From the sheep-dotted pastures of France's underpopulated Southwest, Limoges rises in all its grey glory. The city's claim to fame: fine porcelain. The half-timbered houses of the Medieval center are surrounded by strip malls and McDo. Land-hungry Brits descend with flailing pocketbooks (thanks, RyanAir). The weather is remarkably cool year-round. Sure, I live on rue de Nice, but this is NOT the Cote d'Azur. Welcome to Limoges, "the middle of nowhere"-- or as Pierre says "everywhere"-- France.

Saturday, March 24, 2007

A Day in Périgueux

Périgueux is pleasant even on a non-market day. Dating from Roman times, the city is built on a hill overlooking the River Isle. It boasts a beautiful Medieval quartier, Roman ruins, and stunning cathedral that resembles a domed mosque. (The cathedral is impossibly ornate-- almost tacky-- with five domes. Apparently, the restoration process was overseen by Abadie, of Paris' Sacré Coeur fame.) Whenever I wander through the tiny alleys, I marvel at the shiny white limestone which is threaded through the cobble stone streets. (You can just make it out in the photo.)

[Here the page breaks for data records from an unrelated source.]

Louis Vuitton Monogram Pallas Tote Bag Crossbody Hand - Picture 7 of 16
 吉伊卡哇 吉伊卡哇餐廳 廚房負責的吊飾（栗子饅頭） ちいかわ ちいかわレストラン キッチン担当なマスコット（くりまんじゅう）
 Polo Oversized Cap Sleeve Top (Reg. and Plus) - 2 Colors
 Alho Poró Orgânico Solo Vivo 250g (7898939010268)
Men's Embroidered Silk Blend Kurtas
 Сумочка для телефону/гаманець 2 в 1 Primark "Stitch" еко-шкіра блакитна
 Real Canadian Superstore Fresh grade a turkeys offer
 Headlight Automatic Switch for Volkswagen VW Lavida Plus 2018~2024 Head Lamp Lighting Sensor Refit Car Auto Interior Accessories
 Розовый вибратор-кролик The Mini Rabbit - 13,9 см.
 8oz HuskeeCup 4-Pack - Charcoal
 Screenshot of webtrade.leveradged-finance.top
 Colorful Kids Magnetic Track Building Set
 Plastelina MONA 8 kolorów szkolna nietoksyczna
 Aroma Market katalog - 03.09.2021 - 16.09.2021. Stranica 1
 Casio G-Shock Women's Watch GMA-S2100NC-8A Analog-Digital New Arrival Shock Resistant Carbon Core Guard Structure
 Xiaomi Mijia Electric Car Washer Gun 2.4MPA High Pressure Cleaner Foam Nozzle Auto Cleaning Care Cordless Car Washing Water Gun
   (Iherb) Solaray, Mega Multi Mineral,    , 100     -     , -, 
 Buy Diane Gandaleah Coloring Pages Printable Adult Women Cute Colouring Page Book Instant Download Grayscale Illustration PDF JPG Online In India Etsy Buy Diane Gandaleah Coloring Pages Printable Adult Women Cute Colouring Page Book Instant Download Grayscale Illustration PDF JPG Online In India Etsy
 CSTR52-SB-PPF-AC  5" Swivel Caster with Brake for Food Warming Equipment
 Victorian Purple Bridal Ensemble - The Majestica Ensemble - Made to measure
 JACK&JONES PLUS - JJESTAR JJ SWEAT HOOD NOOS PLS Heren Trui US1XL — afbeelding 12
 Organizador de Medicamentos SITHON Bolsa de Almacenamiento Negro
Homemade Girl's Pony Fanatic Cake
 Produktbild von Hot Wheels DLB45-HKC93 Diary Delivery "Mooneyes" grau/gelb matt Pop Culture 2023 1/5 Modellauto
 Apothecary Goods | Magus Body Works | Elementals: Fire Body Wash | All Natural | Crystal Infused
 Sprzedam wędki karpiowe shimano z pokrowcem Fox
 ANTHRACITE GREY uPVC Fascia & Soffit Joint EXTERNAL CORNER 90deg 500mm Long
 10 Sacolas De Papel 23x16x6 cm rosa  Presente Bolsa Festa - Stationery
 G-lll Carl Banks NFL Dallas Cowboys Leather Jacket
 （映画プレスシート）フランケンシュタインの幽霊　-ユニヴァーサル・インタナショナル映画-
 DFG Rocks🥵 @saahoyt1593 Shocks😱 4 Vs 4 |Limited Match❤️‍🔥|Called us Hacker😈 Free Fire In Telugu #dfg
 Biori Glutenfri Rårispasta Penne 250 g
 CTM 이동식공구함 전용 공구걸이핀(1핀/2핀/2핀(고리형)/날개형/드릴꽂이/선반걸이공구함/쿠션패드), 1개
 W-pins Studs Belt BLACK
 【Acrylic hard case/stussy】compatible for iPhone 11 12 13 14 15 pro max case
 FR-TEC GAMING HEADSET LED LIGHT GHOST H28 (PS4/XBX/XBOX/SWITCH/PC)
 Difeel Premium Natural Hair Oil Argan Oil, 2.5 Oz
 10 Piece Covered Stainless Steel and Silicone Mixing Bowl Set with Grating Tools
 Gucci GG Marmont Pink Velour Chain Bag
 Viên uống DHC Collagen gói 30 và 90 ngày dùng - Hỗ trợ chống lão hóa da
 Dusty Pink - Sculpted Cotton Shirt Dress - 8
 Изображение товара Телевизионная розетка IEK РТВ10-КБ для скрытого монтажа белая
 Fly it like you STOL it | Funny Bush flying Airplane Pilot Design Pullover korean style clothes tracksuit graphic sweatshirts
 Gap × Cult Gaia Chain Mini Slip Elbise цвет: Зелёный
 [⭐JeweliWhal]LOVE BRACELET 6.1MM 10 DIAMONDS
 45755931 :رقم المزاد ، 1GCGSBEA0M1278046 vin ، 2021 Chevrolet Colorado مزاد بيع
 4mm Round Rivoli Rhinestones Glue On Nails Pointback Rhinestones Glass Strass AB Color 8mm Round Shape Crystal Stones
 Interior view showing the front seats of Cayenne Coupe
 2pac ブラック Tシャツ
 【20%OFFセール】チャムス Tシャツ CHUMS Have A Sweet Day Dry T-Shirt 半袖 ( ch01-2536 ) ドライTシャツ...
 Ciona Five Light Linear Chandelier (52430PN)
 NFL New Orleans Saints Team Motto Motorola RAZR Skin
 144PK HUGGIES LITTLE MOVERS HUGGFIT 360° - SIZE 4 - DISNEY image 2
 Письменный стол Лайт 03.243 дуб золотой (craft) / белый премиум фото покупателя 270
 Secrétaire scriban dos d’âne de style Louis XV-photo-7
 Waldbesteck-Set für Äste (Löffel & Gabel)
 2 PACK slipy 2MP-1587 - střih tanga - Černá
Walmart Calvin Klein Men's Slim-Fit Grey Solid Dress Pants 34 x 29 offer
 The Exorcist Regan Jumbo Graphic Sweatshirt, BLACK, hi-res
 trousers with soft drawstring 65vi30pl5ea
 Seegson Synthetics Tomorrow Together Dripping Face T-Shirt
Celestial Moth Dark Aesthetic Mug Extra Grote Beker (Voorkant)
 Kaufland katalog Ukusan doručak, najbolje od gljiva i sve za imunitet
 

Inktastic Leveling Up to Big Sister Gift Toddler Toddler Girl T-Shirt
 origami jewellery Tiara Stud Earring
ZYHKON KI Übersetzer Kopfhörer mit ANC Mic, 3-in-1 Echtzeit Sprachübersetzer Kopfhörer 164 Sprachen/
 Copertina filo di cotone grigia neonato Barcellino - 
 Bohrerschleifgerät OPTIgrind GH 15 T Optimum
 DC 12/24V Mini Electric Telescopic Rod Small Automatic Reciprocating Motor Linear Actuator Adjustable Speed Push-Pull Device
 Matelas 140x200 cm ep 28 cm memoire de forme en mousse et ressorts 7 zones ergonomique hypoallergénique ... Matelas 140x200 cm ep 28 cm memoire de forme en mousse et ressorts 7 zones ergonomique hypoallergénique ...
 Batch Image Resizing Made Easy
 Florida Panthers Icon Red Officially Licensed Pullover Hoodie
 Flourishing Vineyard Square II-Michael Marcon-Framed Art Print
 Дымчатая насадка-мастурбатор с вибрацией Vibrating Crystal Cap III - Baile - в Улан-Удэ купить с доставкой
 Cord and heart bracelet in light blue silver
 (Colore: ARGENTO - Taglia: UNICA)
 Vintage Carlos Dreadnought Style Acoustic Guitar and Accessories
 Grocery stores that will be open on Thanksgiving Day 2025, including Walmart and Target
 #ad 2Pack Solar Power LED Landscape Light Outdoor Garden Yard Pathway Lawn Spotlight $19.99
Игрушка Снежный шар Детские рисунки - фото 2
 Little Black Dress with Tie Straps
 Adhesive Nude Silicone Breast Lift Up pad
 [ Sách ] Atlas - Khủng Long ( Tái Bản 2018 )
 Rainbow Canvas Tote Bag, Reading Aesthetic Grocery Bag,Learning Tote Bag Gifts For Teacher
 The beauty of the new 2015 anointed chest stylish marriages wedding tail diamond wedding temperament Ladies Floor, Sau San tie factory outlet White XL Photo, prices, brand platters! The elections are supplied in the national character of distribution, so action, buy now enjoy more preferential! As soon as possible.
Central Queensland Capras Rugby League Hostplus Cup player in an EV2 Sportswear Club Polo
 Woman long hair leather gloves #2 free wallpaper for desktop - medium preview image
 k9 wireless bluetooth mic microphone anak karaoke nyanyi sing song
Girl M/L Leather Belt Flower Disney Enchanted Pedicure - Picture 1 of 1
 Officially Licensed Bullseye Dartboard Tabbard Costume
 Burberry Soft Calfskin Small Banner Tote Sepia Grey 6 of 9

These alleys are lined with ancient houses and boutiques so beautiful that I always feel compelled to buy something, no matter how impractical. There is a fromagerie with murals of the campagne painted on the walls, chocolate stores with elegant window displays, and wine shops brimming with crystal and tempting bottles. And of course there is foie gras everywhere you turn.

(The photo at right depicts a random wall painting I found while walking through the city. Looks like drunken Medieval debauchery to me.)